Fantastic Mr. Fox (2009)
Because of all the buzz about Wes Anderson in recent months (due to his exceptionally well-received film Moonrise Kingdom), I think it is high time for a retrospective look at his adaptation of Roald Dahl‘s Fantastic Mr. Fox – a film that, prior to Moonrise Kingdom, was second only to Anderson’s Rushmore in terms of critical acclaim.
Fantastic Mr. Fox works on so many levels. First, it stays faithful in spirit to Dahl’s simple story of a wily and well-spoken fox outwitting three wicked farmers. The humor is dry. The animals are imbued with far more humanity than the humans. Family, community, and resourcefulness triumph.

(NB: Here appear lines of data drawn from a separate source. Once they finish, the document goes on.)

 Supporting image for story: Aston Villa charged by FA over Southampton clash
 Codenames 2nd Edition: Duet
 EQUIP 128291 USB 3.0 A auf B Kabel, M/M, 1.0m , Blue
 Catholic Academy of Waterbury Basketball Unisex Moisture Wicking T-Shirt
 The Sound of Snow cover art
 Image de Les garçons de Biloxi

And yet Wes Anderson has at the same time shaped Dahl’s story into something wholly his own. Building on the infrastructure of Dahl’s story, Anderson adds his own beginning and ending, fleshes out the characters, adds new ones, and infuses the whole romp with myriad minute details in signature Anderson fashion. While still keeping much of the dialogue and action the same, Anderson suffuses the story with the themes his fans have come to expect: awkward family relationships (often rife with rivalries), strained marriages, estranged fathers, precocious children, and childlike adults. And it goes without saying that Anderson manages to infuse into each beautifully stop-motion animated scene his characteristic framing, pacing, music, and warm colors and textures.

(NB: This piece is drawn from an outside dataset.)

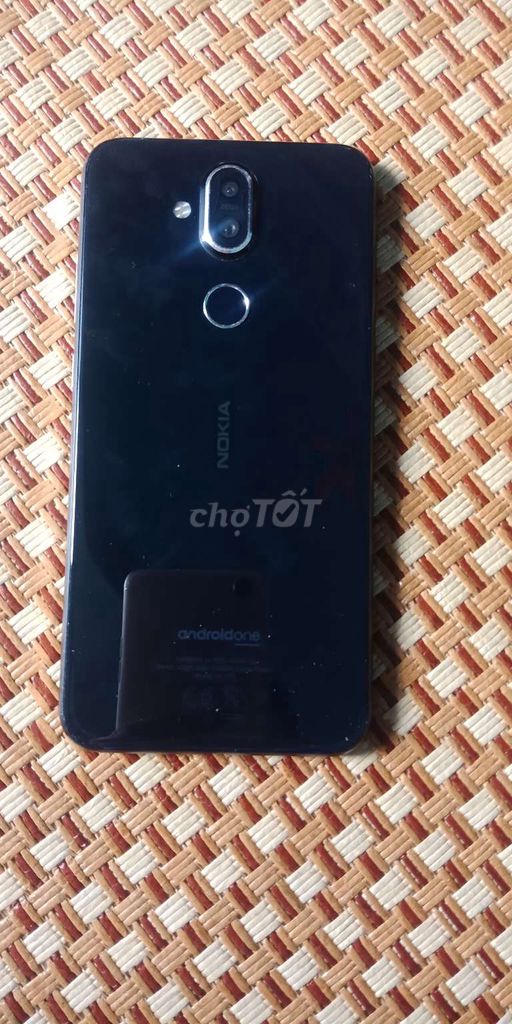 0384001647 - Nokia 8.1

While full of enough colorful detail, hilarious animal capers, and thrilling close escapes to keep kids engrossed, Fantastic Mr. Fox has just as much (perhaps more) to offer to the adult viewer. This is a remarkable children’s adaptation in that, instead of the usual stripping down and padding up with fart jokes and fluffy action that most children’s adaptations undergo, Anderson’s adaptation instead builds upon and gives endless new layers of enjoyment to Dahl’s story, but in a way that still feels warm and true to the classic book.

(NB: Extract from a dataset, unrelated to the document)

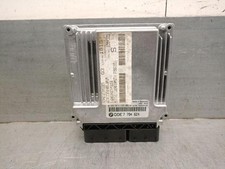 DDE7794624 boîtier moteur uce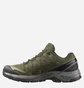Кроссовки мужские Salomon X-Adventure Recon Gtx Olive L47813200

Anderson’s films are well-known – and often mocked by his detractors – for their recurrent themes, actors, and indie stylings. Yet his two most recent films – Fantastic Mr. Fox and now Moonrise Kingdom – seem to show that Anderson does best when he returns to the terrain of one of his earliest, and still most critically acclaimed, films: Rushmore. Wes Anderson knows how to capture a child’s story, whether it be in the form of a beloved children’s classic, or an awkward and reminiscent coming of age story.
It is almost as if he is coming into his own.